31 “The extent to which contract claims and treaty claims overlap, intersect or take entirely separate paths is a highly fact-specific matter that will continue to be fought in investment arbitration on a case-by-case basis”. R. Teitelbaum. “Case Report on Saipem v. Bangladesh”. Arbitration International, Volume 26, Issue 2 (2010), at 320.

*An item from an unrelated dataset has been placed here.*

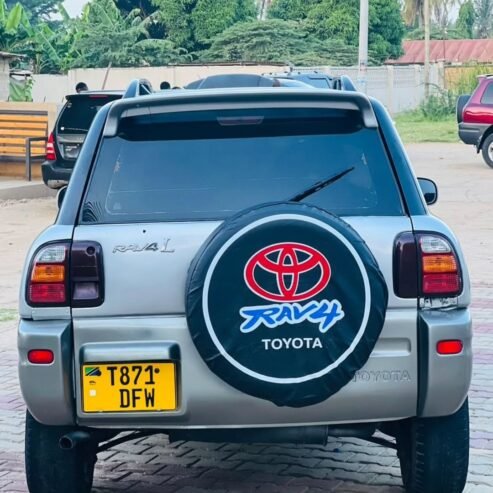 TOYOTA RAV4 DFW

In sum, the circumstances of this case were unique and it is very unlikely that they will happen again. According to previous ICSID awards, an investor should exhaust local remedies in order to initiate investment arbitration based on acts of the judiciary. The ICSID Tribunal in this case found that this condition is not applicable in the case of expropriation, with no further explanation. Additionally, prior ICSID awards have used only the “sole effects” doctrine to determine whether the disputed actions amount to indirect expropriation, but the ICSID Tribunal here also applied a legality test. This test should be limited to those extraordinary cases where national courts, in abuse of their supervisory jurisdiction over arbitration awards, unlawfully impede the issuance of the award or deny its existence without even analyzing its grounds. Therefore, the ICSID Tribunal’s holding in Saipem v. Bangladesh seems to be restricted in such a way that most likely will not be applied in future cases.